Author SHA1 Message Date
Ben Wiederhake
143a64f9a2 Kernel: Remove unused includes of Kernel/Debug.h
These instances were detected by searching for files that include
Kernel/Debug.h, but don't match the regex:
\\bdbgln_if\(|_DEBUG\\b
This regex is pessimistic, so there might be more files that don't check
for any real *_DEBUG macro. There seem to be no corner cases anyway.

In theory, one might use LibCPP to detect things like this
automatically, but let's do this one step after another.
2023-01-02 20:27:20 -05:00
kleines Filmröllchen
a6a439243f Kernel: Turn lock ranks into template parameters
This step would ideally not have been necessary (increases amount of
refactoring and templates necessary, which in turn increases build
times), but it gives us a couple of nice properties:
- SpinlockProtected inside Singleton (a very common combination) can now
  obtain any lock rank just via the template parameter.
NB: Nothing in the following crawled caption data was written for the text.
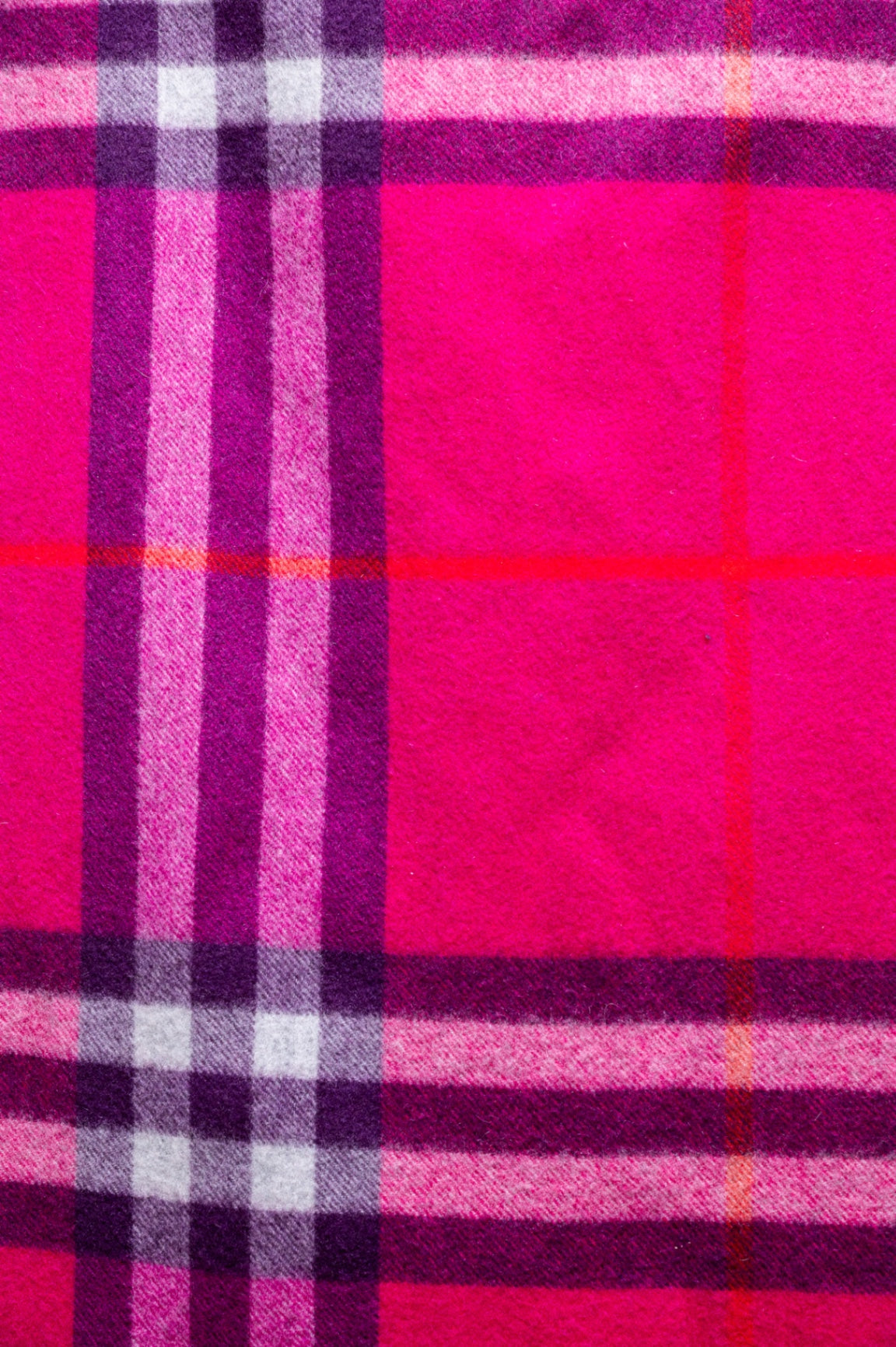 Pink Checked Fringed Edge Scarf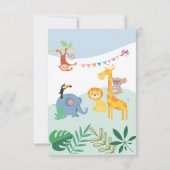 Tropical Safari Jungle Animals 1. Geburtstag Party Einladung (Rückseite)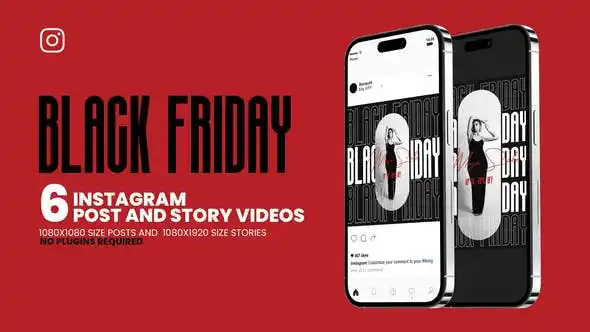 VIDEOHIVE BLACK FRIDAY INTAGRAM STORY AND POST ANIMATE After Effects Template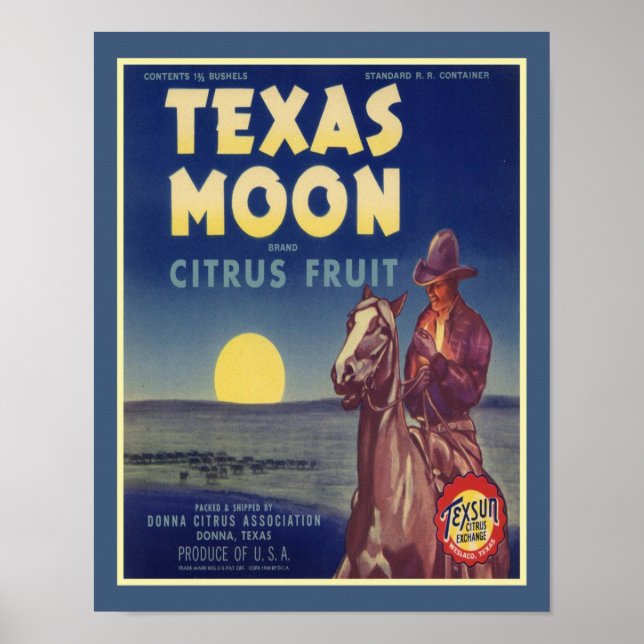 1950's Texas Moon Cowboy Fruit Label Poster (Front)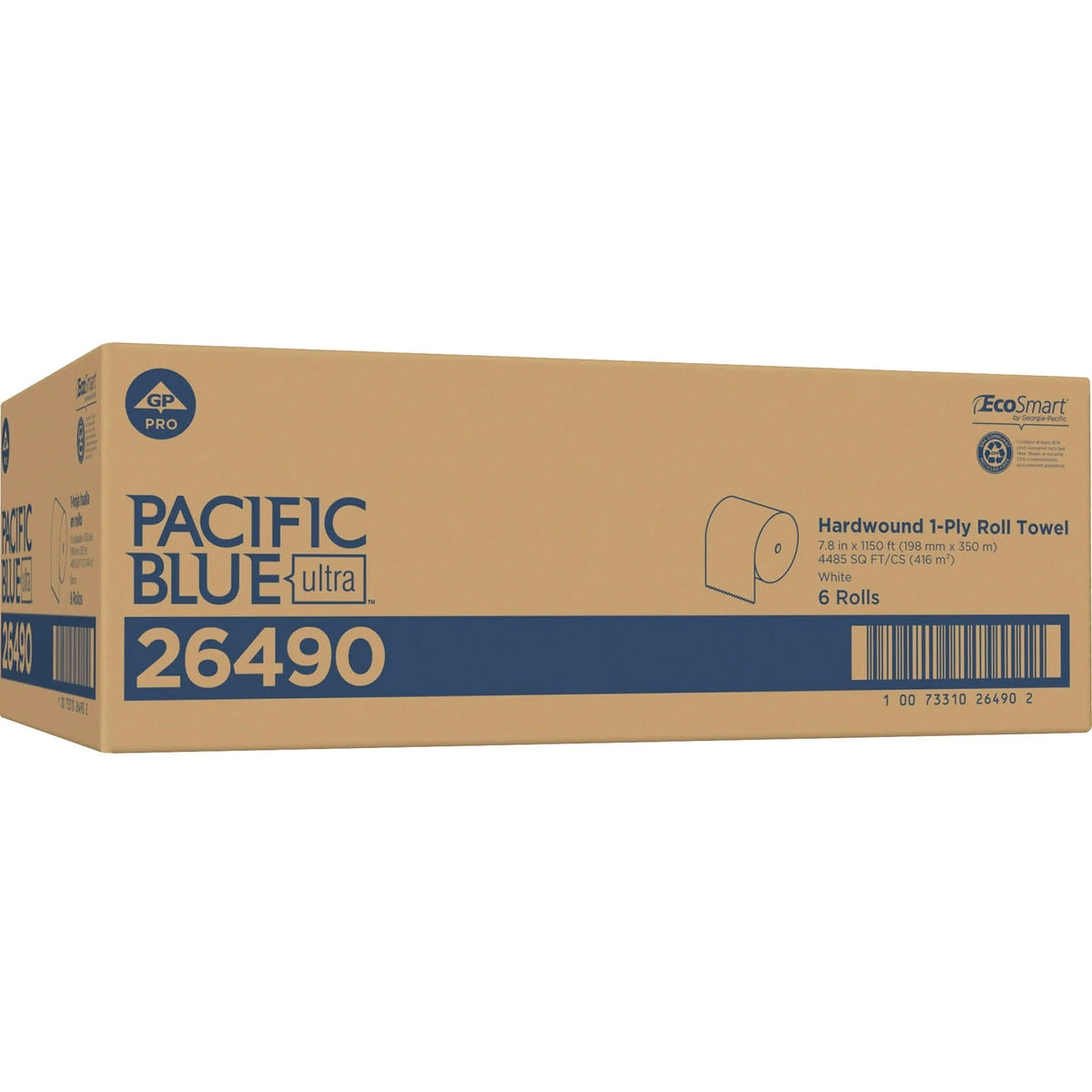 Pacific Blue Ultra Recycled Paper Towel Rolls - High-Capacity 1150 ft - White - 6 - 6/Carton - Towels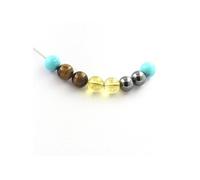 Collier perles Hématite + Citrine + Oeil de Tigre + Turquoise 8 mm - A Bijoux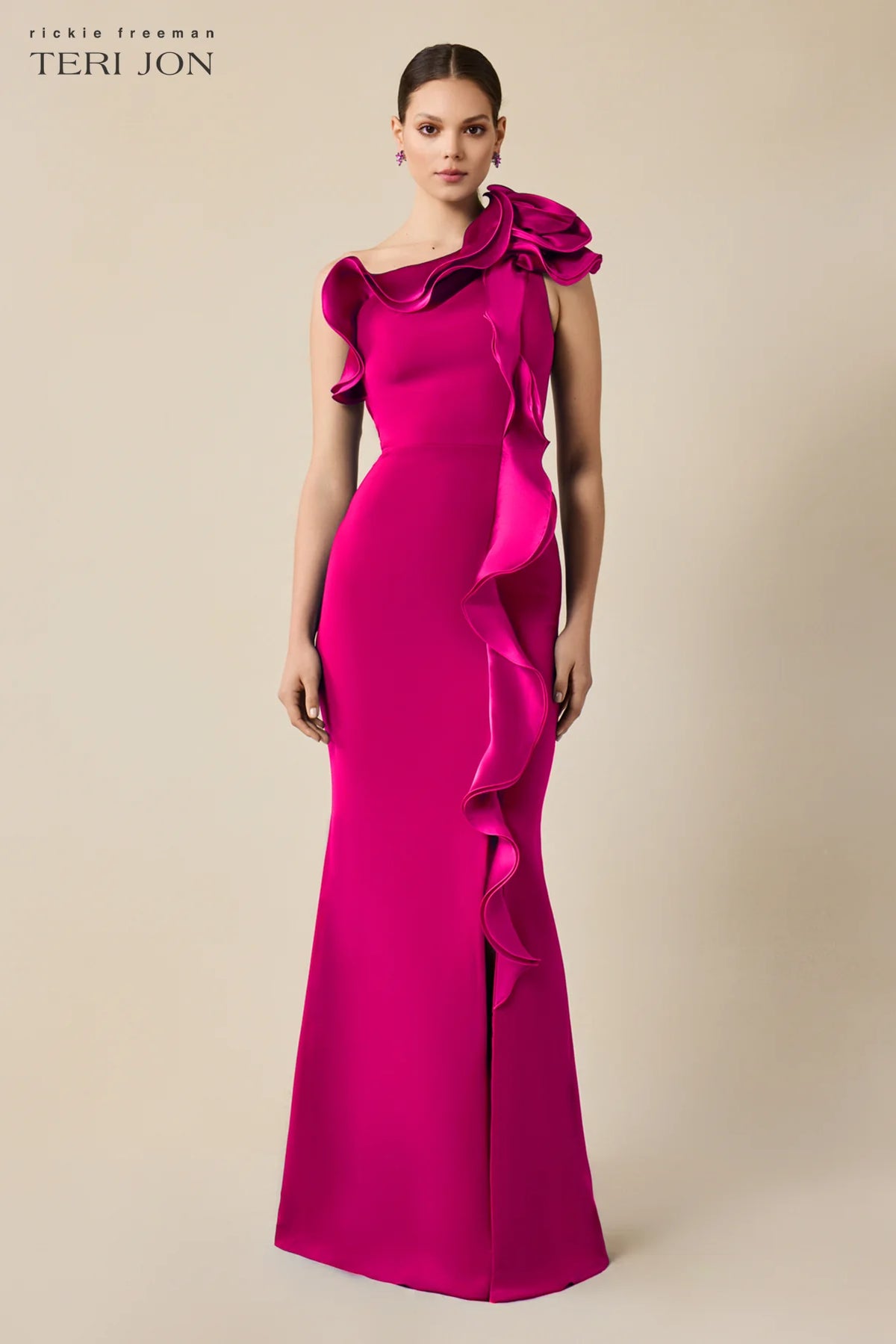 Teri Jon - 249043 - One-Shoulder Gown with Cascading Ruffle Detail Teri Jon - 249043 - One-Shoulder Gown with Cascading Ruffle Detail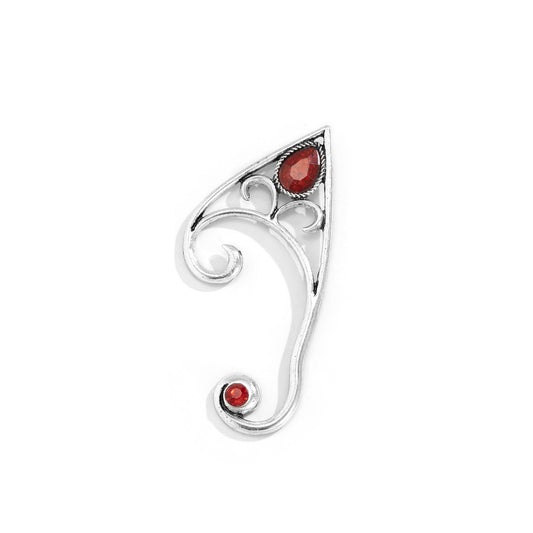 Red Gemstone Elf Ear Clip Halloween Earrings for Women from Vienna Verve Collection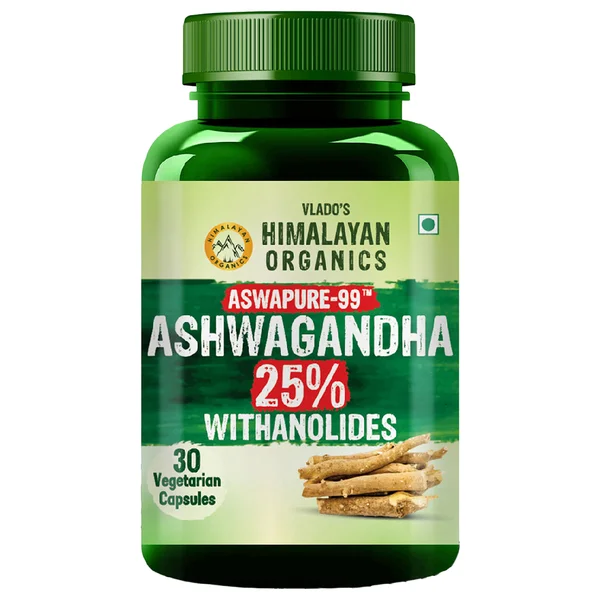 Vlado's Himalayan Organics Ashwagandha 25% Withanolides, 30 Capsules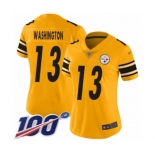 Women's Pittsburgh Steelers #13 James Washington Limited Gold Inverted Legend 100th Season Football Jersey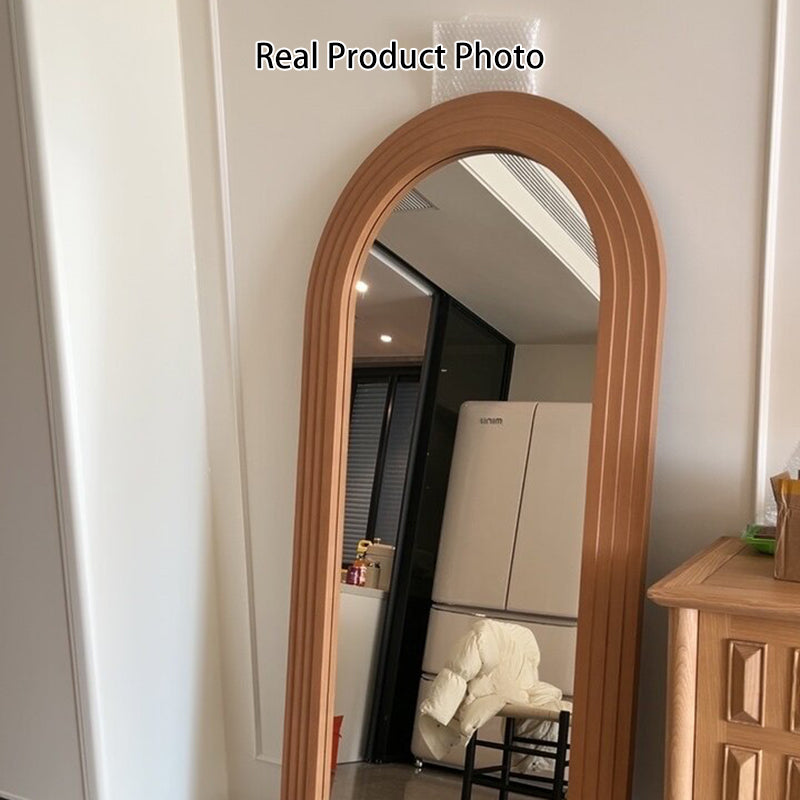 Contemporary Retro Solid Wood &amp; MDF Arched Leaning Full-Length Mirror For Bedroom &amp; Living Room Elegant Floor Mirror
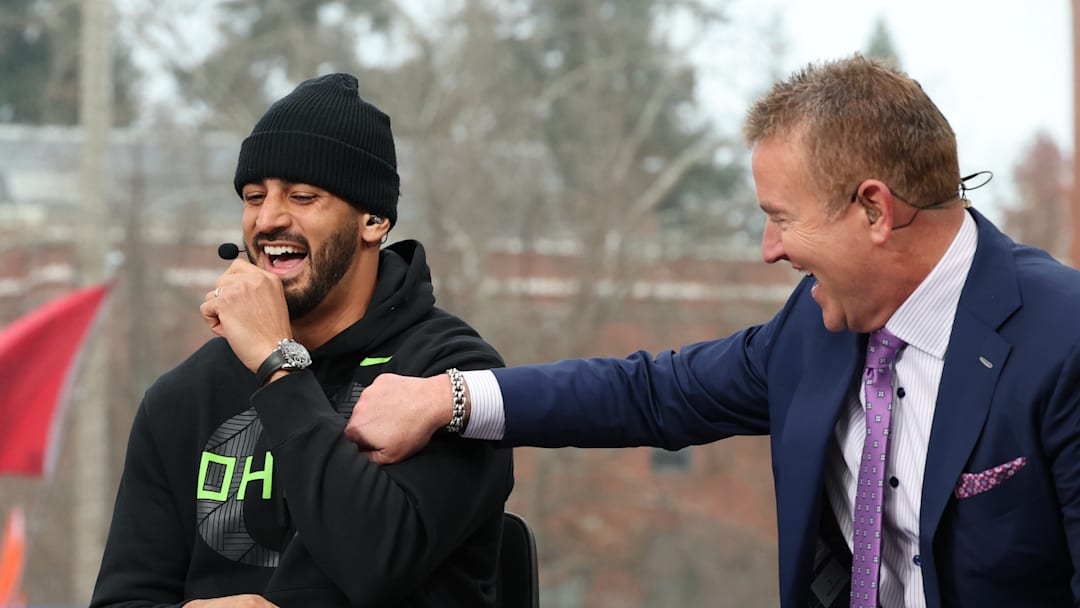 Oregon Ducks legend Marcus Mariota and ESPN's College GameDay analyst Kirk Herbstreit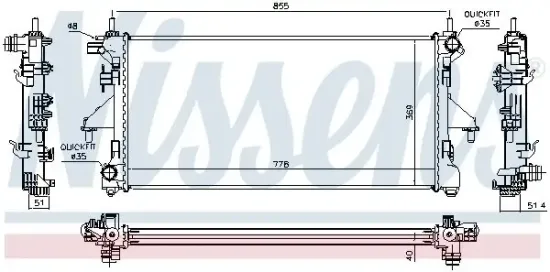 Kühler, Motorkühlung NISSENS 63566 Bild Kühler, Motorkühlung NISSENS 63566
It was not
  previously possible to do this with SingletonInstanceCreator magic.
- SpinlockProtected's lock rank is now mandatory; this is the majority
  of cases and allows us to see where we're still missing proper ranks.
- The type already informs us what lock rank a lock has, which aids code
  readability and (possibly, if gdb cooperates) lock mismatch debugging.
- The rank of a lock can no longer be dynamic, which is not something we
  wanted in the first place (or made use of). Locks randomly changing
  their rank sounds like a disaster waiting to happen.
- In some places, we might be able to statically check that locks are
  taken in the right order (with the right lock rank checking
  implementation) as rank information is fully statically known.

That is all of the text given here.